Was ist Ihr akademischer/beruflicher Hintergrund? 

Ich bin Juristin mit zwei Staatsexamen und Promotion. Ich habe u.a. im Wissenschaftsministerium in Hamburg, als Geschäftsführerin einer Stiftung in Frankfurt am Main und als Kanzlerin der Fachhochschule Koblenz gearbeitet. Während meiner Berufstätigkeit habe ich einen berufsbegleitenden MBA an der University of London gemacht. Seit 2010 bin ich Professorin an der Hochschule Heilbronn.

Was inspiriert Sie, in Ihrem Fachbereich zu bleiben und weiterzumachen? 

Ich habe eine große Leidenschaft von mir zum Beruf gemacht. Nach wie vor brenne ich für Kunst und Kultur. Spätestens seit Corona sollte jeder verstanden haben, wie wichtig kulturelle Aktivitäten, die ja sehr oft von Gemeinschaft leben, für unsere Gesellschaft sind. Aber dieses freiheitlich-demokratische Kunst und Kulturleben, wie wir es kennen, ist durch Rechtsruck und Populismus bedroht. Diese Bedrohung sollten wir ernst nehmen und wir sollten uns entsprechend positionieren. Kunst und Kultur sind nie neutral, es geht immer um Emotion und Deutungshoheit. Mir ist es sehr wichtig, dass wir Haltung zeigen, dass wir aus der Geschichte – sei es Kolonialgeschichte oder Nationalsozialismus - unsere Lektionen gelernt haben. Dies nicht nur zu vermitteln, sondern vorzuleben, ist meine Aufgabe als Lehrende und das ist heute leider wichtiger denn je.

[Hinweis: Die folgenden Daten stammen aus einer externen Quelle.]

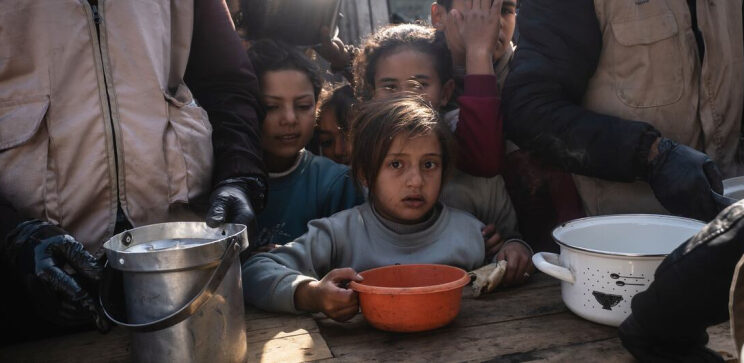 От холода умер еще один младенец в Газе, поскольку число перемещенных лиц на Западном берегу усиливается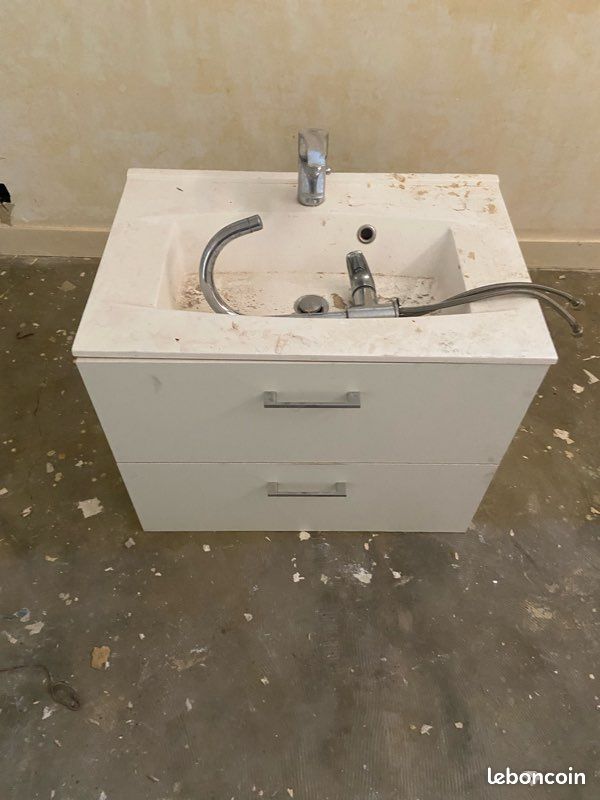 Meuble vasque salle de bain + robinetterie GROHE — à saisir (image 1)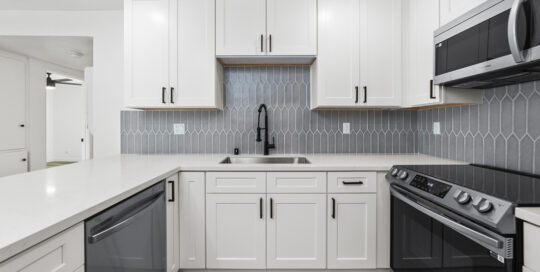 The Noble Apartment Homes Kitchen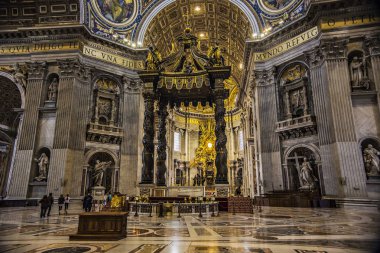 Vatikan - Mayıs 2018: Süslü altın iç St. Peter Bazilikası Vatikan, İtalya
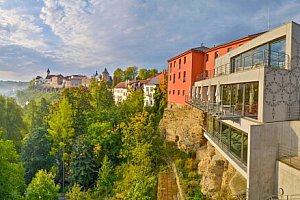 Orlické hory s úchvatným výhledem v Hotelu Rajská zahrada **** s wellness, koupelí, welcome drinkem a snídaní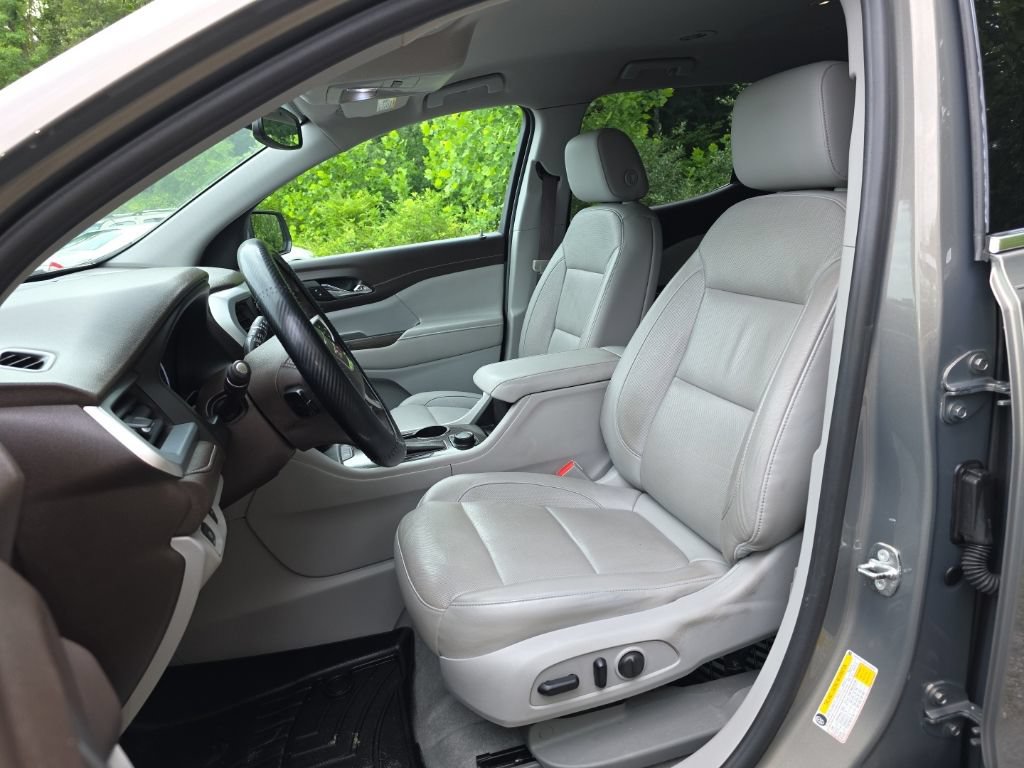 Used 2019 GMC Acadia SLT AWD/4WD image 11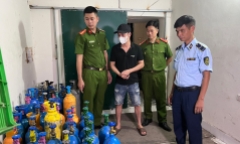 Phát hiện kho 'khí cười' trong ngõ sâu ở Hà Nội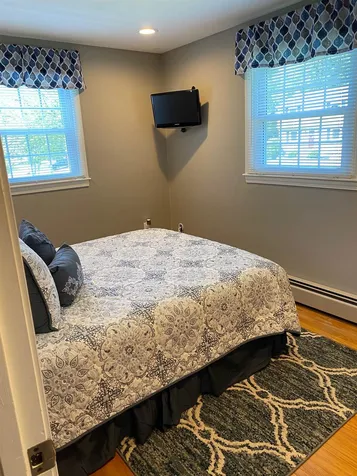 15 Woodbury Street Salem NH 03079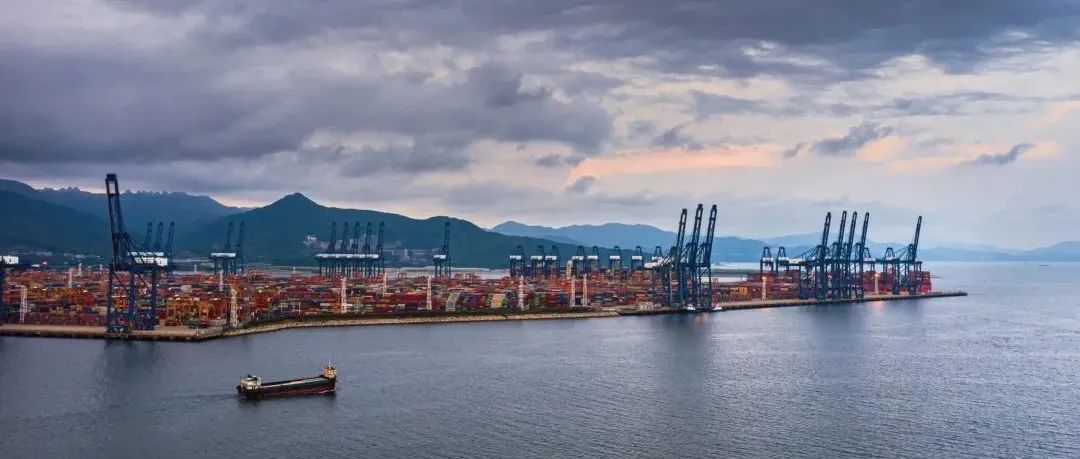 不止船公司，2021年全球的港口运营商同样在码头拥堵局面中赚取巨额利润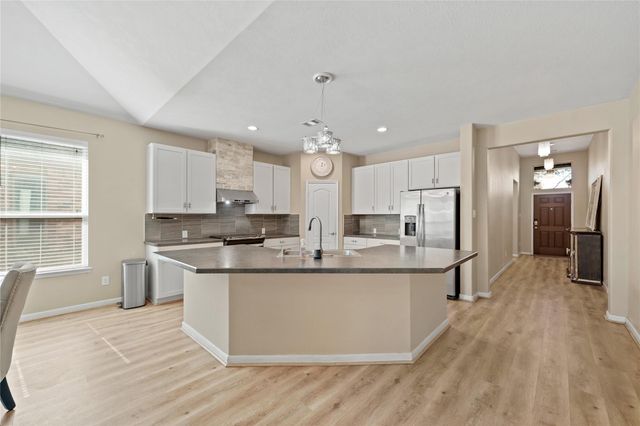 11022 Jacob Crossing Drive, Richmond, TX 77406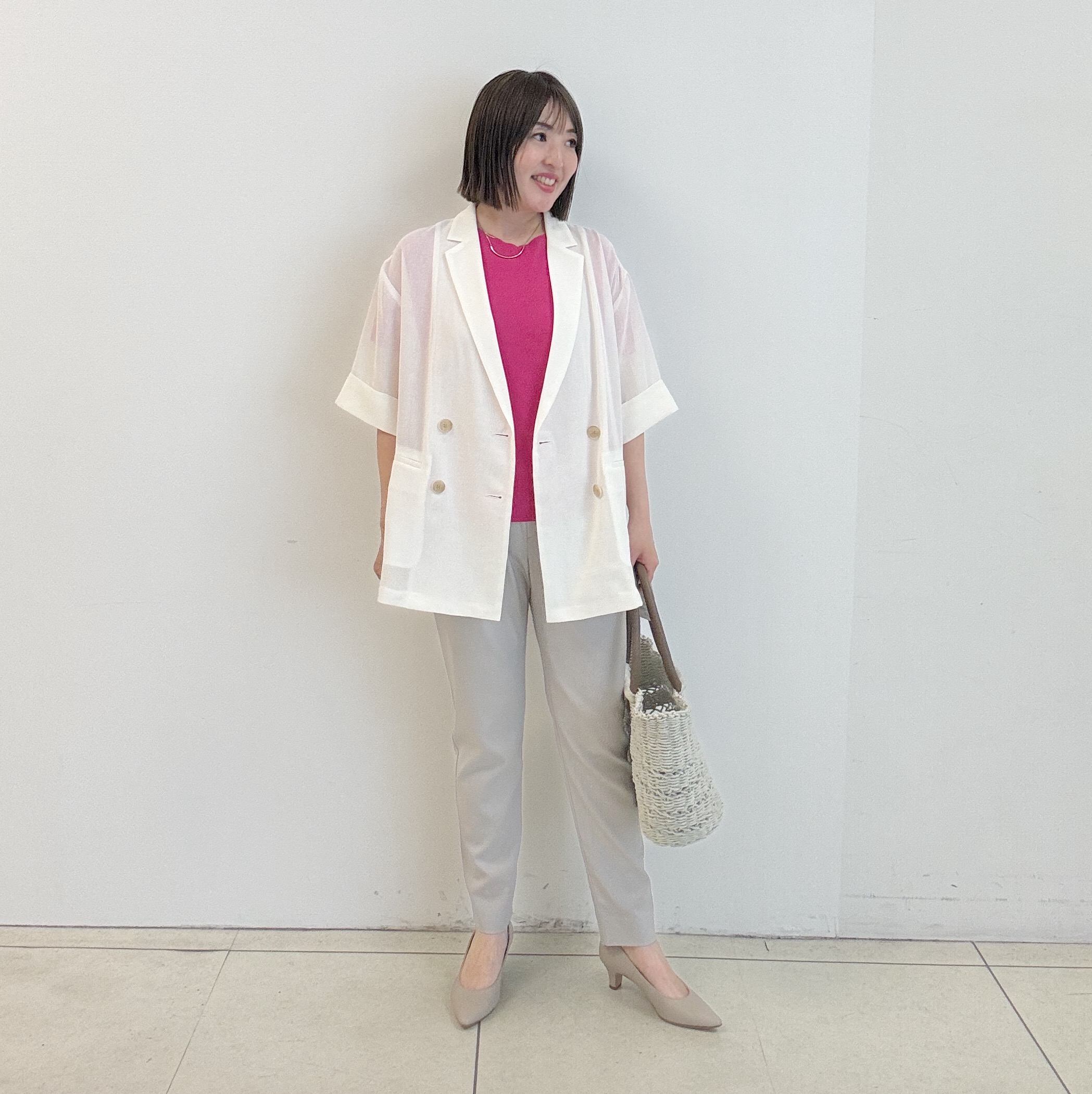yoshiyaさんの「INDIVI｜【透かし編み】ペーパーヤーン バスケットバッグ」を使ったコーディネート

Was empfinden Sie als Ihren größten beruflichen Erfolg bisher? Worauf sind Sie stolz?

Neben ein paar nicht ganz unwesentlichen Publikationen, würde ich tatsächlich den Aufbau des Wissenschaftler*innen Netzwerks Brokering Intercultural Exchange nennen, das in den vergangenen Jahren Kulturmanager*innen aus über 50 Ländern miteinander vernetzt hat. Viele sind über dieses Netzwerk an neue Positionen gekommen, haben gemeinsame Publikationsprojekte gestartet oder Forschungsvorhaben initiiert. Jetzt ist es gerade in einer Übergangsphase, denn natürlich muss man irgendwann auch abgeben können.

Was sind Ihre Zukunftspläne für Ihre Karriere? Haben Sie bereits Projekte in der Pipeline und welchen Impact sollen sie haben? 

Mit meiner wunderbaren Kollegin Patrycja Kaszynska von der University of the Arts in London plane ich ein Projekt zu Cultural Value. Ganz vereinfacht gesagt, geht es um den Wert von Kunst und Kultur, wie kommen wir (aber vor allem auch Fördergeber) zu unseren Wertentscheidungen? Es ist ein Projekt mit vielen Praxispartnern wie etwa der Kulturstiftung der Länder, dem Goethe Institut, dem ifa in Stuttgart und auch dem Ministerium für Wissenschaft und Kunst. Wir haben einen sehr aufwändigen DFG-Antrag gestellt, der leider abgelehnt wurde. Auch damit muss man in unserem Beruf umgehen können – besonders schade ist es allerdings dann, wenn man den Eindruck hat, gegenüber Universitäten benachteiligt zu werden oder die Kategorie Kulturmanagement beim Fördergeber gar nicht vorkommt – wobei diese Disziplin seit Jahrzehnten existiert und durchaus Grundlagenforschung betreibt.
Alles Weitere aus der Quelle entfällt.